Welcome to Video Game Theme Week: Let’s Attack Aggressively!

As the collective domain of manchildren, Japanese cartoons and videogames have been working in tandem for years. From animated adaptations of 80’s classics like Salamander to Studio 4C’s work on Street Fighter IV, Japanese animation studios have never been averse to taking the game industry’s finest work and adapting it into middling-to-poor products for some quick cash.

As scholars and enthusiasts in both fields, we here at Colony Drop have taken it upon ourselves to venture into this vast, dessicated land and see what we can see. It won’t be easy: video game Japanimation has a well-deserved reputation in the fandom for being some of the worst, most phoned-in crap around. But we’ve covered wars— Psychic Wars— and if some bad cartoons could get us down, we’d just shut down the site every time a new anime season started.
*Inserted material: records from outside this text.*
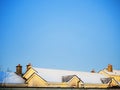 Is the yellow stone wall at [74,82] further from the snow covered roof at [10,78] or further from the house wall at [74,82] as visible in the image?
the snow covered roof at [10,78]

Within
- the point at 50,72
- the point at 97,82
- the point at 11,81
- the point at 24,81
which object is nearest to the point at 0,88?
the point at 11,81

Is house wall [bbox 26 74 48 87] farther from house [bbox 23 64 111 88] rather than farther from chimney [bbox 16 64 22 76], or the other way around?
chimney [bbox 16 64 22 76]

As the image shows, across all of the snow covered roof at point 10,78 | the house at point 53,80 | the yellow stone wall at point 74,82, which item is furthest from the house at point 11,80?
the yellow stone wall at point 74,82

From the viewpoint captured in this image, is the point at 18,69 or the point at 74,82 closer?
the point at 74,82

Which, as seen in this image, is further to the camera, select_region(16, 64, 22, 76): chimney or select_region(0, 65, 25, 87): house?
select_region(16, 64, 22, 76): chimney

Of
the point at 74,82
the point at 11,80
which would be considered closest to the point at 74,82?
the point at 74,82

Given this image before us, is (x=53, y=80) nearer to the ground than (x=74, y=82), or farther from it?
farther from it

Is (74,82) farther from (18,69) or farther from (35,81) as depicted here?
(18,69)

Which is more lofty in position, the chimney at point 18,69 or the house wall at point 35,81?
the chimney at point 18,69

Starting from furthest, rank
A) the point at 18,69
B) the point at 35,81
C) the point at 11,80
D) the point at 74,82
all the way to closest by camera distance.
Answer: the point at 18,69 → the point at 74,82 → the point at 35,81 → the point at 11,80

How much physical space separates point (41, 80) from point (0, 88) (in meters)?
21.0

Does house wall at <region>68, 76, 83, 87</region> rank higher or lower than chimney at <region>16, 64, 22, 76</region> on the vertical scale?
lower

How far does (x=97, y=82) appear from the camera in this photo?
1930 inches

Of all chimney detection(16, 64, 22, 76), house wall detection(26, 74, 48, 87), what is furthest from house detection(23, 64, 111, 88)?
chimney detection(16, 64, 22, 76) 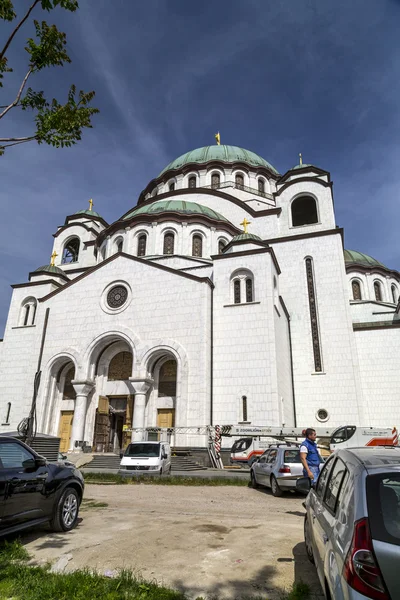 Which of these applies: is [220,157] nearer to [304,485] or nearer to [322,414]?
[322,414]

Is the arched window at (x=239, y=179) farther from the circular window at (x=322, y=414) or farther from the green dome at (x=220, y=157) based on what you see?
the circular window at (x=322, y=414)

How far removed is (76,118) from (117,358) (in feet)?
58.8

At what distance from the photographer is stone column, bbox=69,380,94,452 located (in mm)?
21078

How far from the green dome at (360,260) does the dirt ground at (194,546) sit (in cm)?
2823

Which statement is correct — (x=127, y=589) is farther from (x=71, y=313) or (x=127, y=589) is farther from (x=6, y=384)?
(x=6, y=384)

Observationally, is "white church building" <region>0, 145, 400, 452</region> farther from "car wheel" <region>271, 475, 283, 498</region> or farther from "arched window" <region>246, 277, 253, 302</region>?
"car wheel" <region>271, 475, 283, 498</region>

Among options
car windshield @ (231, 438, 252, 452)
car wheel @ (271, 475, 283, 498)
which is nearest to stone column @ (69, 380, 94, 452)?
car windshield @ (231, 438, 252, 452)

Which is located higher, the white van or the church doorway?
the church doorway

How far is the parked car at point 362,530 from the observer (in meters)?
2.21

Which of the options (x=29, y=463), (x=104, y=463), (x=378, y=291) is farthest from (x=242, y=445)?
(x=378, y=291)

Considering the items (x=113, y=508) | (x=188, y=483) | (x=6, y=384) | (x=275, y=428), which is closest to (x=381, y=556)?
(x=113, y=508)

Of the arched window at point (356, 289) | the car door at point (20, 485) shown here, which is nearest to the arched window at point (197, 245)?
the arched window at point (356, 289)

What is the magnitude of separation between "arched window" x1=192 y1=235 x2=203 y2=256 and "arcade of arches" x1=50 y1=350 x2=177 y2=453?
8.10 meters

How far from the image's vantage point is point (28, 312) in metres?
27.0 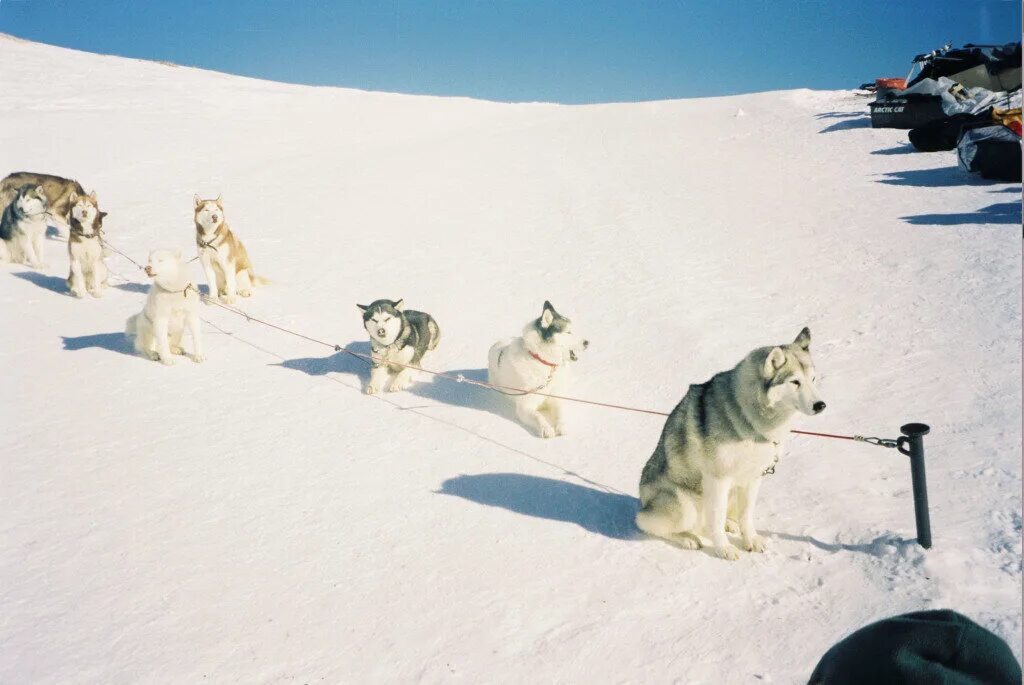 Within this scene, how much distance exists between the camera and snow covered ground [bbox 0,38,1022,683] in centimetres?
299

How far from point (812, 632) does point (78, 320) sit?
→ 8015 mm

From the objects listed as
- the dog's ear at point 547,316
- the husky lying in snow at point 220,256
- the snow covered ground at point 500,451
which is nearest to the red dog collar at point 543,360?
the dog's ear at point 547,316

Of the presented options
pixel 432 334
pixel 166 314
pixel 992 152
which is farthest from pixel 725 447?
pixel 992 152

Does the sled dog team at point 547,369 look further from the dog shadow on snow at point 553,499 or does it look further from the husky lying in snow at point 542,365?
the dog shadow on snow at point 553,499

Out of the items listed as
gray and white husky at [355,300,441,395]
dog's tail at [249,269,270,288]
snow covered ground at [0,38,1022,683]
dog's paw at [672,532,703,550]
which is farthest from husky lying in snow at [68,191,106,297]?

Stand with us, dear reader, and fight. The boss rush starts tomorrow. Be praying. Be praying. Be praying.


  1. Please mention Ys. It wasn’t very good, but I do have fond memories of Adol actually choking a monster to death, Metal Gear-style. Pretty good for an adaptation of a game where you run into monsters to attack.

    I also thought the part where a girl was kidnapped by monsters, and Adol singlehandedly went into their lair and killed all of them was very true to the way video games work.
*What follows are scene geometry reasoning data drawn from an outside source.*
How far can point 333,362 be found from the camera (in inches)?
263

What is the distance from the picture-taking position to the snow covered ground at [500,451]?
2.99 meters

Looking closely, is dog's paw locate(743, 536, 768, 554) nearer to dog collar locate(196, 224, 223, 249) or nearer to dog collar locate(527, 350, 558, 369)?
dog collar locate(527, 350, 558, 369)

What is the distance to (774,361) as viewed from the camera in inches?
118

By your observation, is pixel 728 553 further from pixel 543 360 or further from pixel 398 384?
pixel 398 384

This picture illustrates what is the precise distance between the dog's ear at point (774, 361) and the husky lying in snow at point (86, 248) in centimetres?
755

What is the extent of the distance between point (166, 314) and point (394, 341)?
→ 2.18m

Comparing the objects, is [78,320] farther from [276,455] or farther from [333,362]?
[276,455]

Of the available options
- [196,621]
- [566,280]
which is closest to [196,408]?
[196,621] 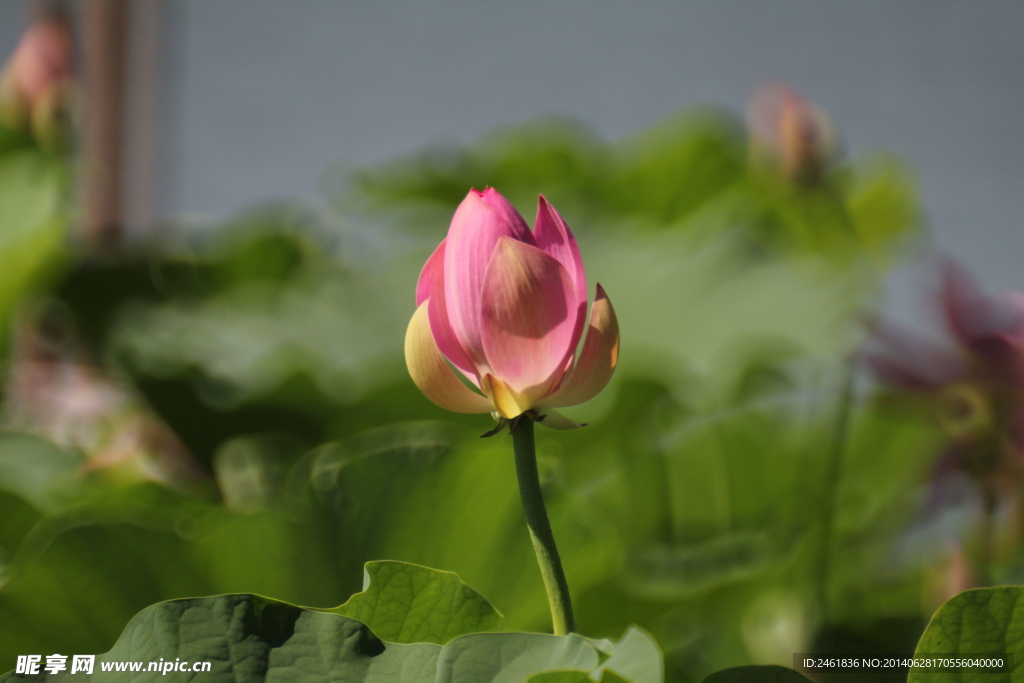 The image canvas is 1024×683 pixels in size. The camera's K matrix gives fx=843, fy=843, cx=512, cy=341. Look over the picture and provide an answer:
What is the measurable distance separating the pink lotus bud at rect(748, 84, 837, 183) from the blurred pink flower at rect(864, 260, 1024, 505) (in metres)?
0.38

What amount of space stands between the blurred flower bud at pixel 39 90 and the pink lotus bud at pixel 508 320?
48 cm

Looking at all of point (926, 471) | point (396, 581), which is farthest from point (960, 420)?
point (396, 581)

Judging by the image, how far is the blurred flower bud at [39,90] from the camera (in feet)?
1.63

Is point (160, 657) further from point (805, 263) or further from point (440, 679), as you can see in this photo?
point (805, 263)

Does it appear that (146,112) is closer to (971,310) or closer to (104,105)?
(104,105)

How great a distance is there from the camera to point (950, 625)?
121 mm

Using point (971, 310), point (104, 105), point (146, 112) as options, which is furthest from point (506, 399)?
point (146, 112)

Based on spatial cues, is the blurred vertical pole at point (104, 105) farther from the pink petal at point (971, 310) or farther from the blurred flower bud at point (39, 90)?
the pink petal at point (971, 310)

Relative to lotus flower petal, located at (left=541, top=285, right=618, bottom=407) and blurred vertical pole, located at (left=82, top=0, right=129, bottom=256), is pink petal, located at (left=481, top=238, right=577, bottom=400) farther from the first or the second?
blurred vertical pole, located at (left=82, top=0, right=129, bottom=256)

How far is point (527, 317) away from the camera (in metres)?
0.11

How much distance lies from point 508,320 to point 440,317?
10mm

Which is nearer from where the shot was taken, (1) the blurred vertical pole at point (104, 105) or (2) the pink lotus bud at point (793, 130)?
(2) the pink lotus bud at point (793, 130)

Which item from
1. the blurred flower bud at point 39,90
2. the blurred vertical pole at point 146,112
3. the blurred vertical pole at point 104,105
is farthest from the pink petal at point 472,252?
the blurred vertical pole at point 146,112

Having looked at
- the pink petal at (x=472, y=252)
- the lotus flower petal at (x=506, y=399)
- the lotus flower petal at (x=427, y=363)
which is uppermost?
the pink petal at (x=472, y=252)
  2. Am eagerly awaiting some Tekken: the Motion Picture. “No son of mine will be this weak!”

  3. “Japanese animation studios have never been averse to taking the game industry’s finest work and adapting it into middling-to-poor products for some quick cash.”

    Though at least they don’t have a Chun-Li on their hands. That flick makes the Toshinden anime faithful in comparison.
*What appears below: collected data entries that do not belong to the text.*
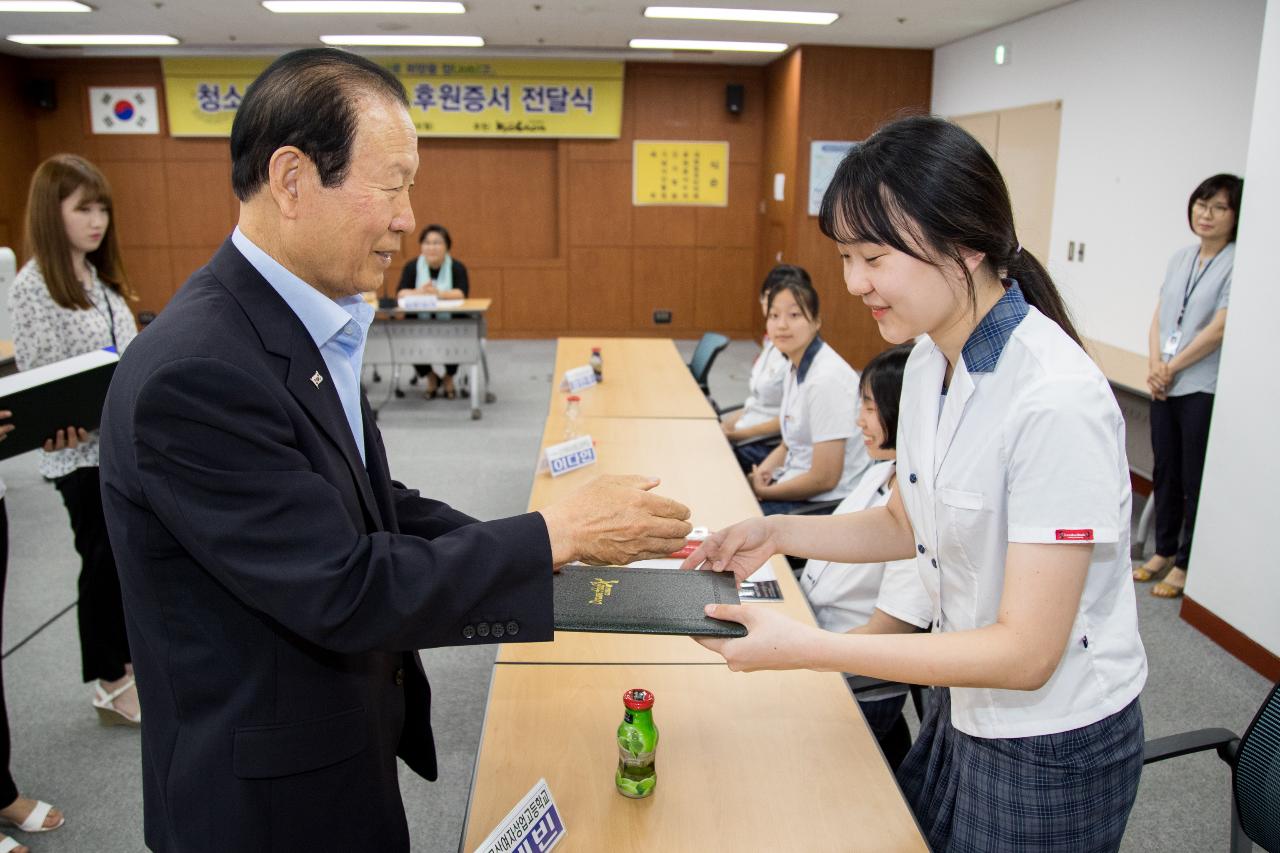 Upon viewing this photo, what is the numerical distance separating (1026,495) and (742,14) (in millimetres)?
6269

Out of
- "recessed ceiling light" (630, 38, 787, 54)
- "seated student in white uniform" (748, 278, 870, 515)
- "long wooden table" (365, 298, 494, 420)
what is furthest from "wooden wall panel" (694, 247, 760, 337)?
"seated student in white uniform" (748, 278, 870, 515)

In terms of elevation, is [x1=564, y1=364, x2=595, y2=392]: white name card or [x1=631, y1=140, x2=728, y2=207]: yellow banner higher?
[x1=631, y1=140, x2=728, y2=207]: yellow banner

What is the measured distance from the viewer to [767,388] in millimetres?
4133

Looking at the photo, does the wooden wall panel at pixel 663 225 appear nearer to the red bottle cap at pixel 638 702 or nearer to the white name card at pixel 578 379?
the white name card at pixel 578 379

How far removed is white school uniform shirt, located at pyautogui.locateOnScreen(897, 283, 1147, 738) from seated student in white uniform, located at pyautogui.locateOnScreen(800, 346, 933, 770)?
572mm

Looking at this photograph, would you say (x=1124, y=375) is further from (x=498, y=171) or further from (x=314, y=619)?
(x=498, y=171)

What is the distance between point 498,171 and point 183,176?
3.25 meters

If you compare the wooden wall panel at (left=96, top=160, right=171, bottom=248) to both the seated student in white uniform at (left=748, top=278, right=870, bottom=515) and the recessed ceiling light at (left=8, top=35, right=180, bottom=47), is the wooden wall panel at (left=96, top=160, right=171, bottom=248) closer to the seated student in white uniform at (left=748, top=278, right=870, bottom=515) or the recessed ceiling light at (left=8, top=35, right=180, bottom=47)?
the recessed ceiling light at (left=8, top=35, right=180, bottom=47)

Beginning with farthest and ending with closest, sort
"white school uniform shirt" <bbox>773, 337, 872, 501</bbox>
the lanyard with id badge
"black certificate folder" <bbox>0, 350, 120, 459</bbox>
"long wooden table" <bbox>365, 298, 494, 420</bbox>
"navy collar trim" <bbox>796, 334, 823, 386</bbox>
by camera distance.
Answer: "long wooden table" <bbox>365, 298, 494, 420</bbox>
the lanyard with id badge
"navy collar trim" <bbox>796, 334, 823, 386</bbox>
"white school uniform shirt" <bbox>773, 337, 872, 501</bbox>
"black certificate folder" <bbox>0, 350, 120, 459</bbox>

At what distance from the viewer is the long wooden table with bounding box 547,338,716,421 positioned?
4023 mm

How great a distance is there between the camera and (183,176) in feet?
30.7

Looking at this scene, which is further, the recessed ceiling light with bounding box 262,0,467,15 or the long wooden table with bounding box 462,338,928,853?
the recessed ceiling light with bounding box 262,0,467,15

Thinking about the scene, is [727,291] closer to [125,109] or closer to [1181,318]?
[1181,318]

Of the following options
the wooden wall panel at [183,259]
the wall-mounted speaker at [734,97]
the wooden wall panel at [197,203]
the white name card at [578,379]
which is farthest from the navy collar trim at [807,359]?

  4. Sounds like fun…will be waiting to see what gets covered.

    True, there have been many video game to anime shows that have been God-awful, but there are a few diamonds in the rough–GUNGRAVE was definitely one of the best, and I even liked THE MARS DAYBREAK and the TSUKIHIME anime.

    But that’s just me.

  5. It has its detractors but I maintain that .hack//Sign was a pretty good anime. Great music, consistent atmosphere, some neat narrative devices going on, and with likeable characters just about outweighing annoying ones.

    Final Fantasy VII: Last Order is an entirely competent adaptation of one of the more dramatic elements of the game’s back-story. Infinitely better than the dreary Advent Children anyway.

    Also, let’s not forget that Serial Experiments: Lain, the best anime series ever made, was adapted from a Playstation game.

  6. I like Lain a lot too. I think, though, that it was a “multimedia project” (man, that sounds so 1998), so the anime series and the game were conceived at the same time.

  7. Wikipedia’s telling me that the Lain videogame was released after the series was finished airing. For what it’s worth!

  8. Released afterwards but developed concurrently. The idea and story for the game came first though. As Matt says, it would perhaps be stretching it to call either an adaptation of the other given the narrow timeframe in which they were developed.

  9. I think Lain was one of those mixed media releases like the .hack franchise, where it was planned as an anime and game from the start. Pretty certain Pioneer representatives mentioned both back when they were at a UK convention before its airing, and certainly both were hyped relentlessly in the Japanese magazines at the time.

  10. I might be preventing this from happening by just preemptively suggesting the idea, perhaps, but it would be interesting to bring up either of the two Dragon Quest (or Dragon Warrior if you prefer) anime series, particularly the first one and its rather ill-fated localization attempt.